In den Frankfurter Kinder- und Jugendeinrichtungen gibt es seit vielen Jahren die Mädchen- bzw. Jungentage, an denen sich in besonderer Weise der geschlechtsspezifischen Arbeit gewidmet wird. Im Kinderhaus Nied gehört der wöchentliche Jungen –bzw. Mädchentag seit 1992 zum etablierten pädagogischen Konzept. 2007 wurde erstmals ein spezieller Jungenraum eingerichtet.

Fazit: Die Ausgestaltung der Jungenarbeit ist vom Bewusstsein und dem geschärften Blick der Pädagogen abhängig. Dieses Bewusstsein sollte sich veränderten Bedingungen anpassen und sich weiterentwickeln, wozu Fortbildung unerlässlich ist.

Mädchenarbeit

Mädchenarbeit ist im Kinderhaus Nied ein wichtiger Bestandteil der offenen Kinder-und Jugendarbeit. Es wurden geschlechtsbewusste, pädagogische Konzepte entwickelt und umgesetzt, die in ihren Methoden, Angeboten und Hilfen den Lebenssituationen von Mädchen angepasst sind. Die Stärkung der Identität und des Selbstwertgefühles, ein Entgegenwirken der Benachteiligung von Mädchen, die Durchsetzung ihres Anspruches auf Gleichberechtigung, sind wichtige Ziele der Mädchenarbeit.

Den Mädchen werden Freiräume zur Auseinandersetzung mit tradierten Rollenbildern gegeben auch im Hinblick auf die Ansprüche und Vorstellungen bezüglich ihrer Lebensplanung.

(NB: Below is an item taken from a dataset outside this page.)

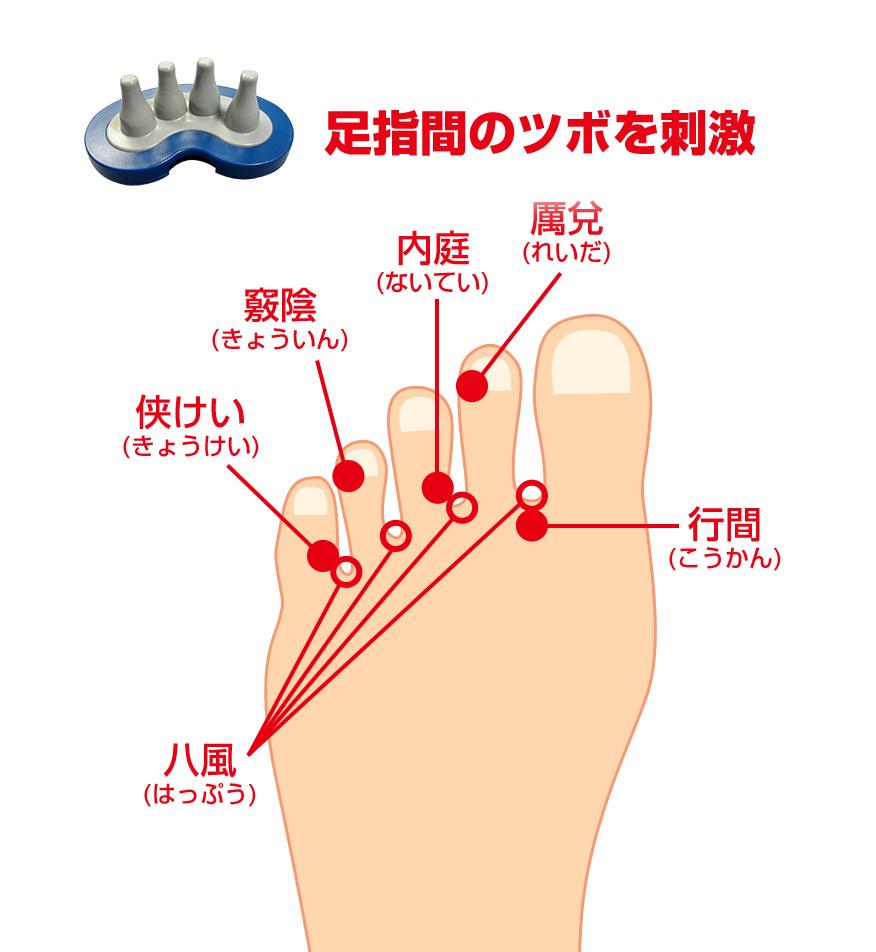 TOECARE　トーケア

Dies wird ermöglicht durch die Bereitstellung eines geschützten Raumes (Mädchenraum), wobei die Mädchen bei der Raumplanung und -gestaltung einbezogen, und ihre Wünsche und Vorstellungen berücksichtigt werden. Im Mädchenraum und am Mädchentag können die Mädchen frei von männlicher Beurteilung und Dominanz agieren.

An Mädchentagen haben die Mädchen die ungeteilte Aufmerksamkeit der weiblichen pädagogischen Fachkräfte; es wird ein Gruppengefühl gestärkt, das wiederum den Mädchen hilft, selbstbewusster und selbstsicherer ihre Interessen wahrzunehmen und durchzusetzen.

Die Pädagoginnen können den Mädchen unterschiedliche Lebensentwürfe zur Wahl stellen und bieten damit Identifikationsmodelle zur Rollenauseinandersetzung.

Eine große Bedeutung hat hierbei eine Neubewertung von Eigenschaften, Zuschreibungen und Abwertungen, die unter „typisch Mädchen/Frau“ subsumiert werden.

Dies bedeutet, die negative Besetzung aufzuheben und die Mädchen diese Eigenschaften als Stärke erleben zu lassen. Die eigenen Ressourcen sollen erkannt und gestärkt werden.